So, On friday Im going to have a little fun, This is something that needs to be done, On a jessejava187 scale of 1-10 on fun this will be a 8, so no matter if i know you or not be scared cuz this will hurt enough to make you take notice, if any of of my JL friends want in, LMK, but this going to fast and swift. Get out the rye bread grandma its grand salami time


----------



## Magnate (Nov 27, 2009)

I was hopin' you might bring your target list to Team WA on Saturday.


----------



## thegoldenmackid (Mar 16, 2010)

You guys are such aholes. Where is swingofbirches when I need him.

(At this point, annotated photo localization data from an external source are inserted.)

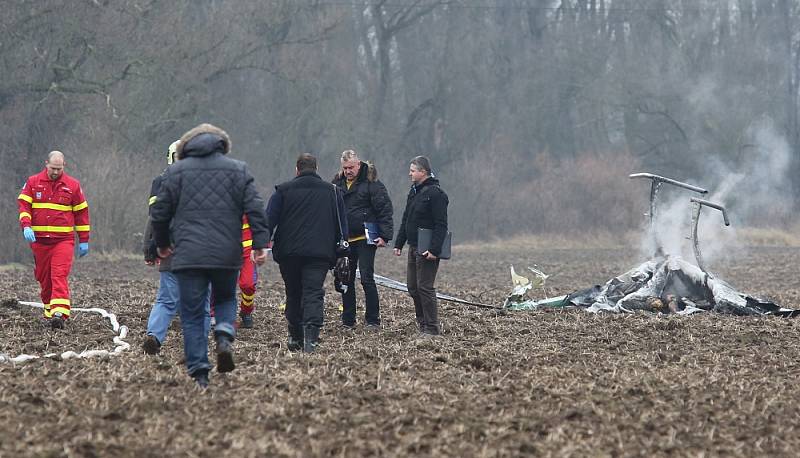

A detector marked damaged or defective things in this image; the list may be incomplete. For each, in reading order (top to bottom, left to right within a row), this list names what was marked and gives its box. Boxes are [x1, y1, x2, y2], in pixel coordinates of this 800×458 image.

burned helicopter wreckage [510, 174, 796, 316] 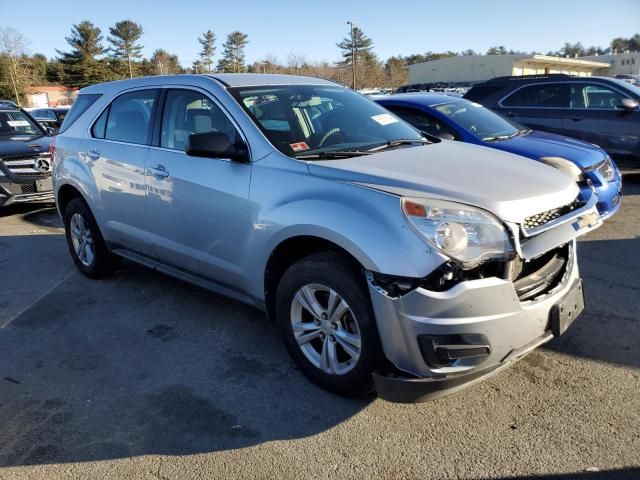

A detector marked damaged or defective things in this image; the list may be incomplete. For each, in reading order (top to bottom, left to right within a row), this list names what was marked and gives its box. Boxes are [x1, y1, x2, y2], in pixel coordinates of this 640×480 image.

exposed wheel well [56, 184, 84, 216]
dented hood [304, 142, 580, 224]
exposed wheel well [264, 236, 364, 322]
torn bumper cover [370, 239, 584, 402]
damaged front bumper [370, 238, 584, 404] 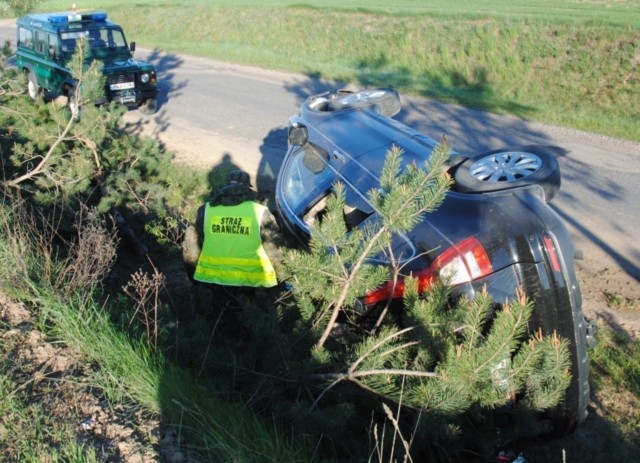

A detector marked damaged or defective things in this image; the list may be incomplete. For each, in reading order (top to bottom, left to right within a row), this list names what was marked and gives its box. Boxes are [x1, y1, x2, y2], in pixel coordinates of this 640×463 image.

overturned dark car [272, 89, 592, 432] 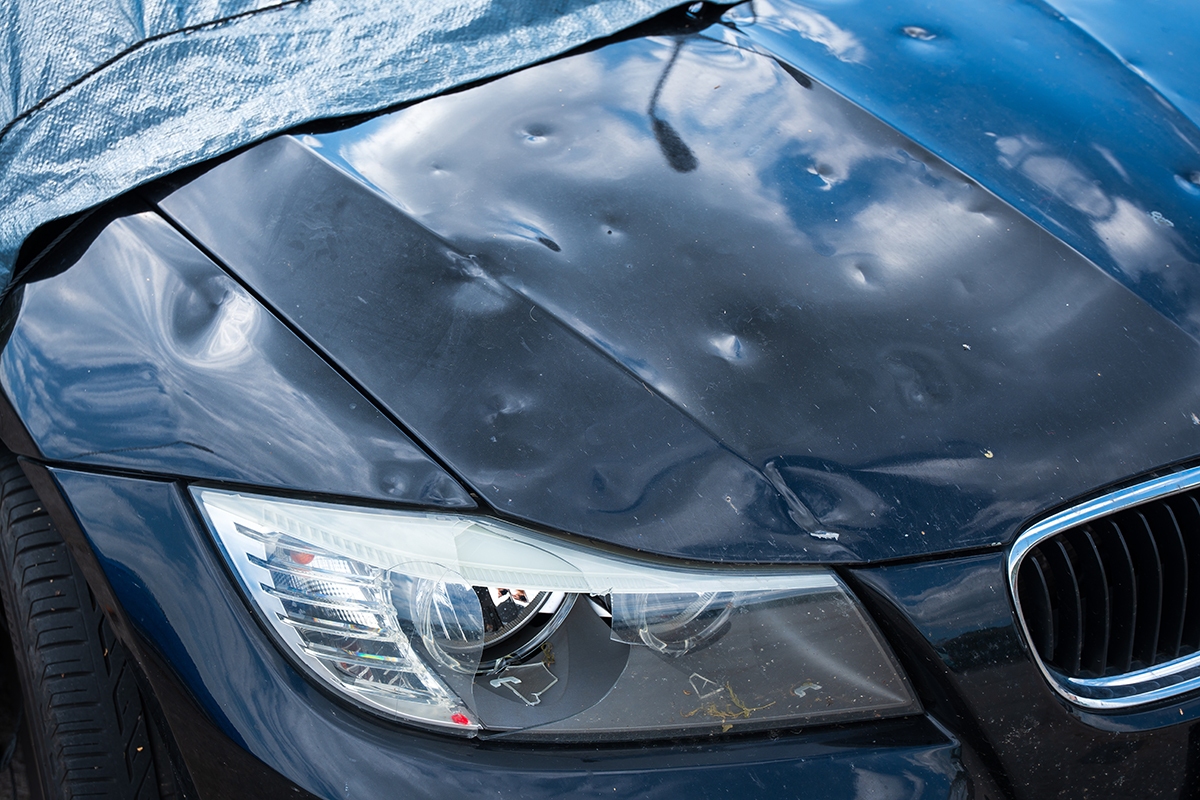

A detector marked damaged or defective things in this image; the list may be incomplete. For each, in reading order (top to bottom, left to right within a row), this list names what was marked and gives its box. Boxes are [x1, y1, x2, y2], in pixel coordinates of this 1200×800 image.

Damn Texas members can't get their s___ together.


----------



## Magnate (Nov 27, 2009)

Ya'll should change your motto to "Please don't mess with Texas... please?"

ound:

:rofl:


----------



## thegoldenmackid (Mar 16, 2010)

Magnate said:


> Ya'll should change your motto to "Please don't mess with Texas... please?"
> 
> ound:
> 
> :rofl:


As I said, aholes incapable of taking pictures.


----------



## Magnate (Nov 27, 2009)

I admit that a large contingent of Team WA is completely camera illiterate.

And I admit I'm an asshole. 

But none of us live in Texas... and that's what matters. :amen:
:usa::first:


----------



## jessejava187 (Aug 25, 2009)

thegoldenmackid said:


> As I said, aholes incapable of taking pictures.


 I thought we went over this, we suck a pics, but kick your ass in cigars, we only smoke the best in the NW


----------



## thegoldenmackid (Mar 16, 2010)

screw both of you.


----------



## kRaZe15 (Jan 25, 2010)

is this a state war or what? very interesting sounds like there may be a massacre in a states near future....


----------



## jessejava187 (Aug 25, 2009)

kRaZe15 said:


> is this a state war or what? very interesting sounds like there may be a massacre in a states near future....


 No before the thread jack, this has nothing to do with any of those clowns lol


----------



## thegoldenmackid (Mar 16, 2010)

kRaZe15 said:


> is this a state war or what? very interesting sounds like there may be a massacre in a states near future....


Furthermore, I don't think we'd win the state war. Team WA is way more organized.


----------



## swingerofbirches (Jan 12, 2010)

thegoldenmackid said:


> You guys are such aholes. Where is swingofbirches when I need him. Damn Texas members can't get their s___ together.


Oh I'm here!!!! Even though I'm not exactly sure what's going on. LOL Although I get the feeling that I would need to reside in either WA or TX to really get it anyway. My uncle does live in Texas though and I am the other half of Team Charlie so with that said ...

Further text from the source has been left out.